- What you need to do
What do the lines say from the start of the entries through the one containing "Perchero de pie"? Repeat them exactly.
○ ○ ○ ○ ○ ○ ○
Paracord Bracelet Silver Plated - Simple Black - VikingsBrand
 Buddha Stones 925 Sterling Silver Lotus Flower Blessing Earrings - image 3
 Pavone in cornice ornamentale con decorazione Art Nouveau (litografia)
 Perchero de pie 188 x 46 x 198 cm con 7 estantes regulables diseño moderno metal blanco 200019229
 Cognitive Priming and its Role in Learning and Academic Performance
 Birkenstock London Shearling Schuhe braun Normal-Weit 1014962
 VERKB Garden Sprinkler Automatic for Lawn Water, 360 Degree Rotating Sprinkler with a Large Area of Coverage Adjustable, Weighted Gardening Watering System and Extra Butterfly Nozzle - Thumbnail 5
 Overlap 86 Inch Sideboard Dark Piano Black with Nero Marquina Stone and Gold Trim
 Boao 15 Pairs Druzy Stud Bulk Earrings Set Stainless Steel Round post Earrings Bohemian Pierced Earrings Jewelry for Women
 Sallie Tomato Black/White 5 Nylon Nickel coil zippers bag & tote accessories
○ ○ ○ ○ ○ ○ ○
- Result for this exercise
Paracord Bracelet Silver Plated - Simple Black - VikingsBrand
 Buddha Stones 925 Sterling Silver Lotus Flower Blessing Earrings - image 3
 Pavone in cornice ornamentale con decorazione Art Nouveau (litografia)
 Perchero de pie 188 x 46 x 198 cm con 7 estantes regulables diseño moderno metal blanco 200019229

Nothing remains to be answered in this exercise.